*TASK DIRECTIONS*:
From the line containing "Rose Tiara /" to the line containing "Don Tomas Vinedo" in the records below, set down every line exactly as it stands, both ends included, and skip the pictures.

*DATA EXTRACT*:

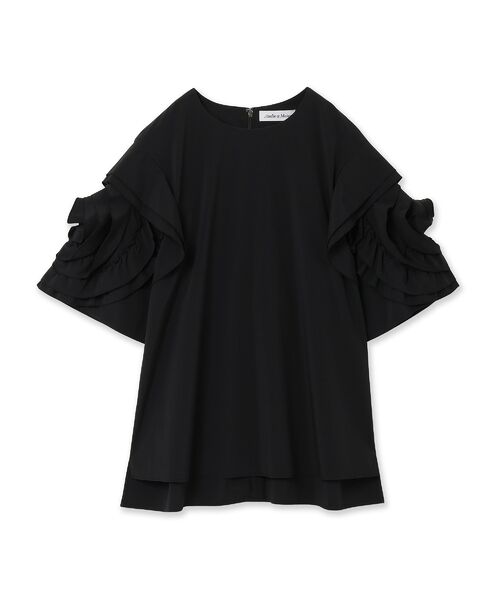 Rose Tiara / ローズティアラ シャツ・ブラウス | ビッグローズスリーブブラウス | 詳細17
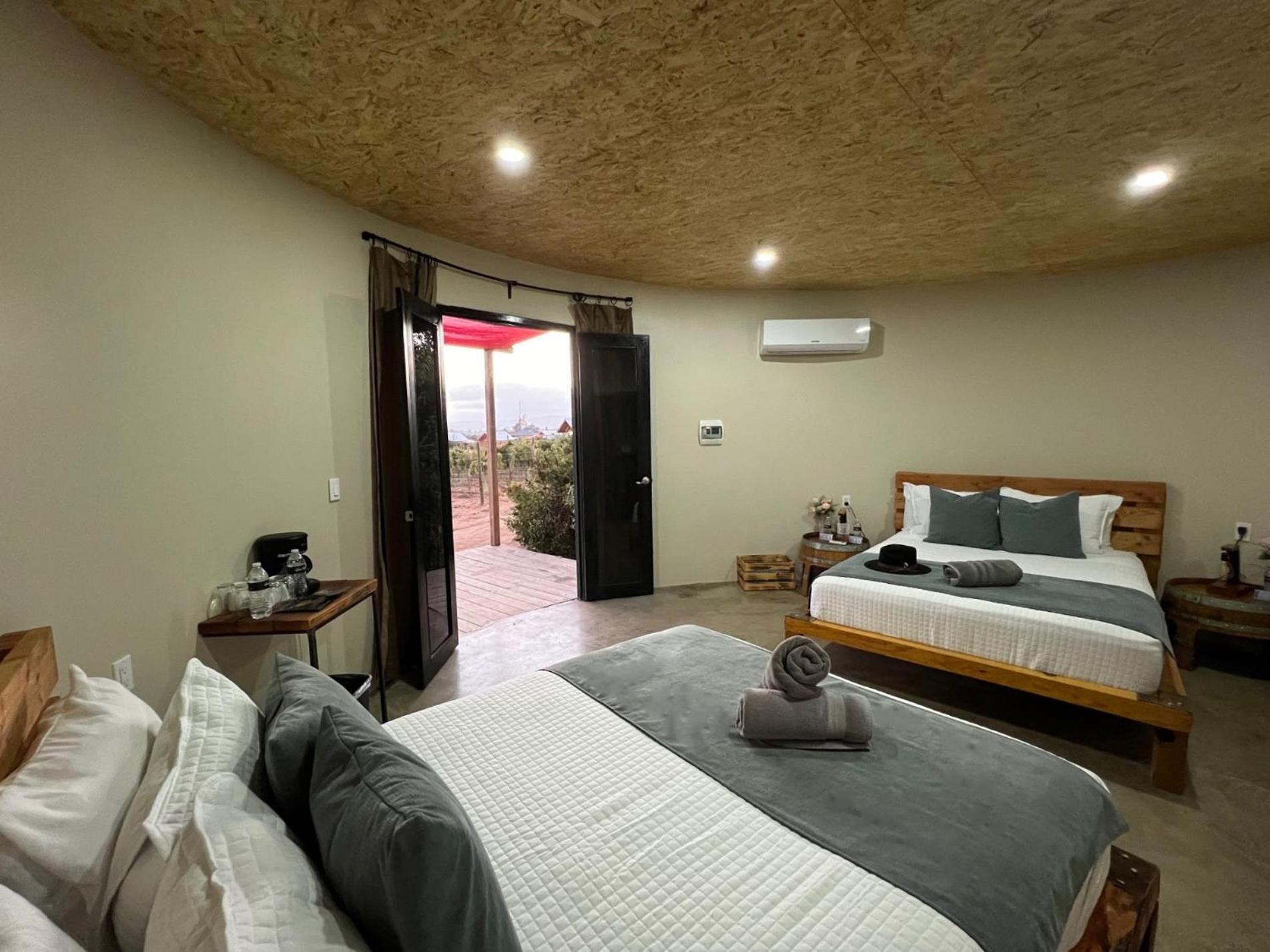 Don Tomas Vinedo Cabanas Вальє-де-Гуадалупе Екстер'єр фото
==
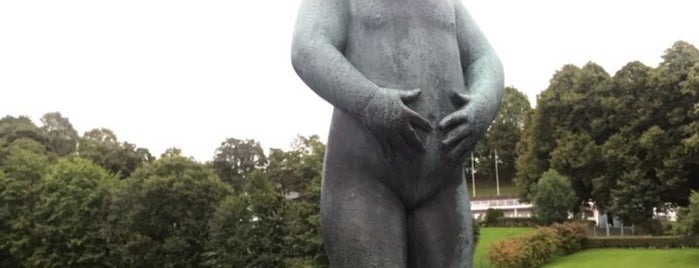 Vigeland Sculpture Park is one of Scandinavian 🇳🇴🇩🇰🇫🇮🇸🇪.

*EXERCISE SOLUTION*:
 Rose Tiara / ローズティアラ シャツ・ブラウス | ビッグローズスリーブブラウス | 詳細17
 Don Tomas Vinedo Cabanas Вальє-де-Гуадалупе Екстер'єр фото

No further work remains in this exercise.